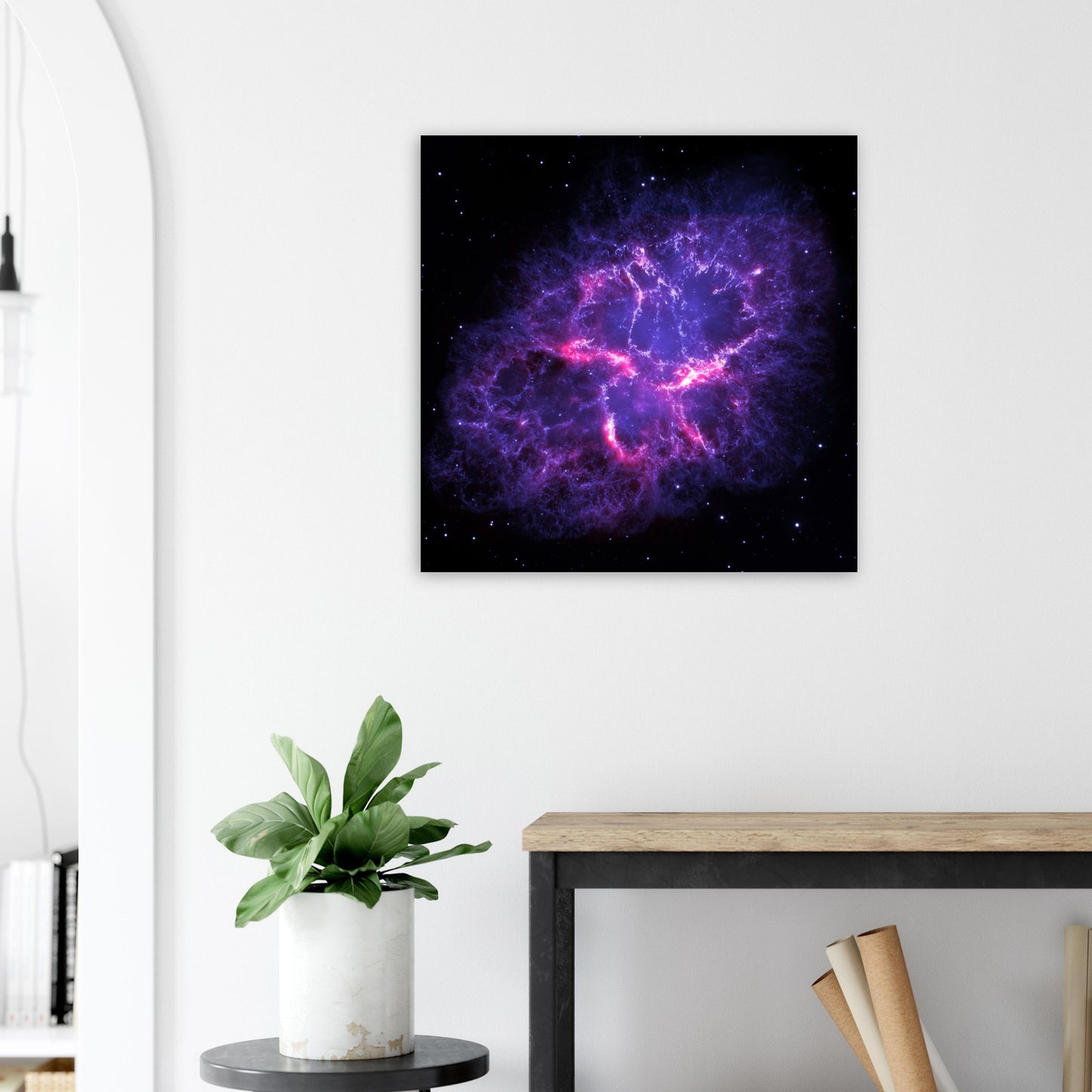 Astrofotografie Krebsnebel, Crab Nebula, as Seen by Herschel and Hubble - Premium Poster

-.-.-

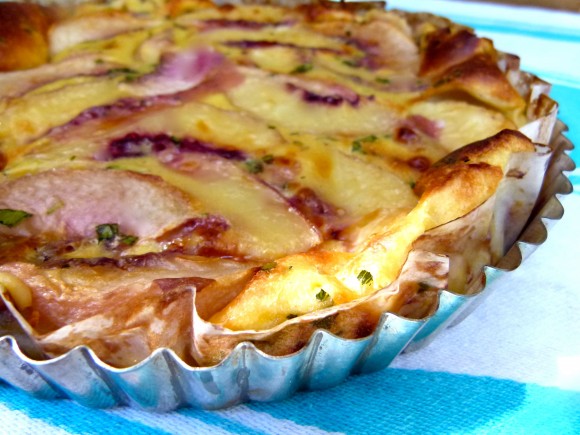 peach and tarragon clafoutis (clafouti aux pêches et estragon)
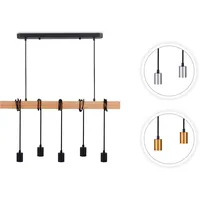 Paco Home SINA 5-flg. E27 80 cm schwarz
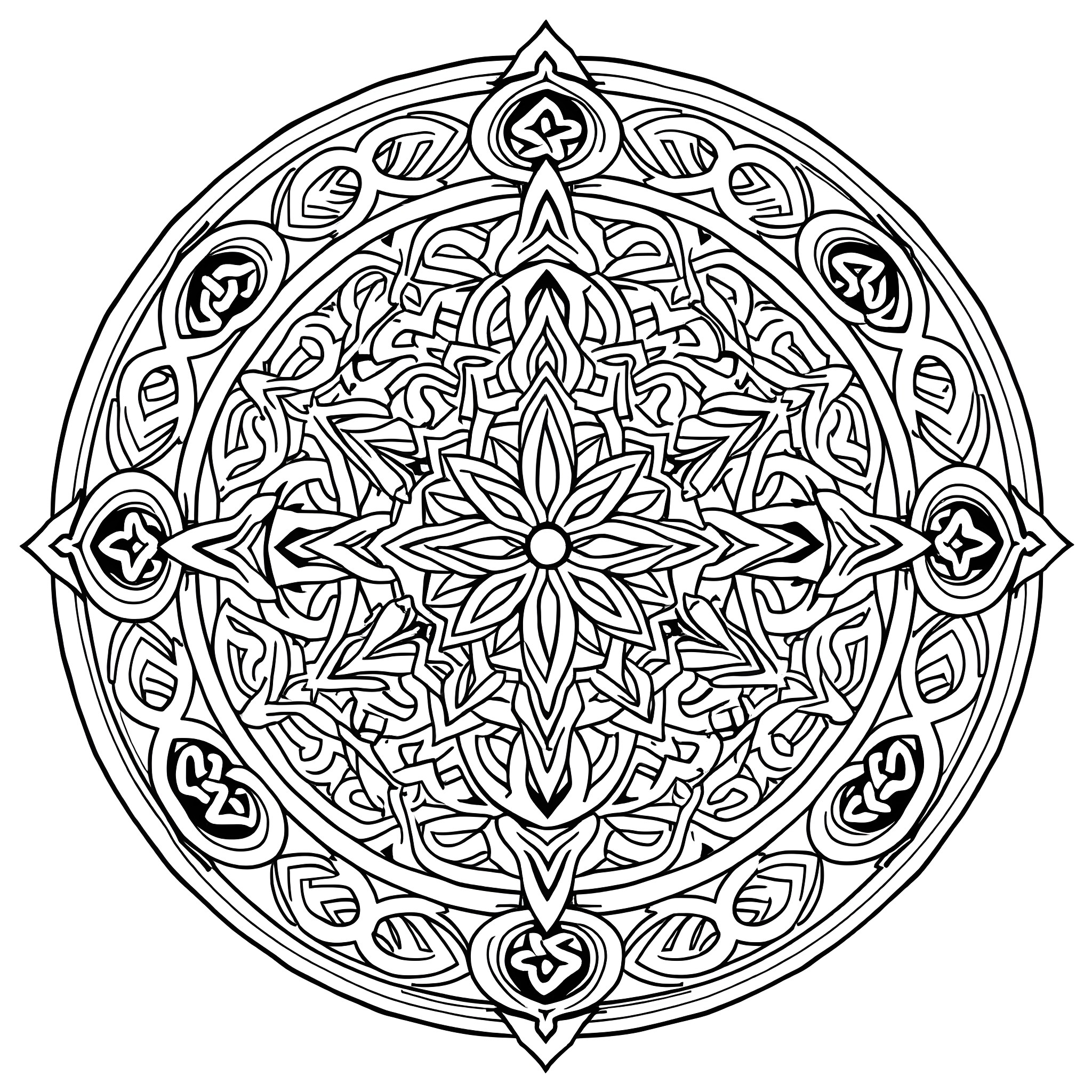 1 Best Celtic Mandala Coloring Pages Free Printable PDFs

-.-.-

- [Task goal]
What you return must match the lines above from the one with "Paco Home SINA 5-flg. E27 80 cm schwarz" through the one with "1 Best Celtic" exactly, with both ends included and the pictures excluded.

- [Answer for the task]
 Paco Home SINA 5-flg. E27 80 cm schwarz
 1 Best Celtic Mandala Coloring Pages Free Printable PDFs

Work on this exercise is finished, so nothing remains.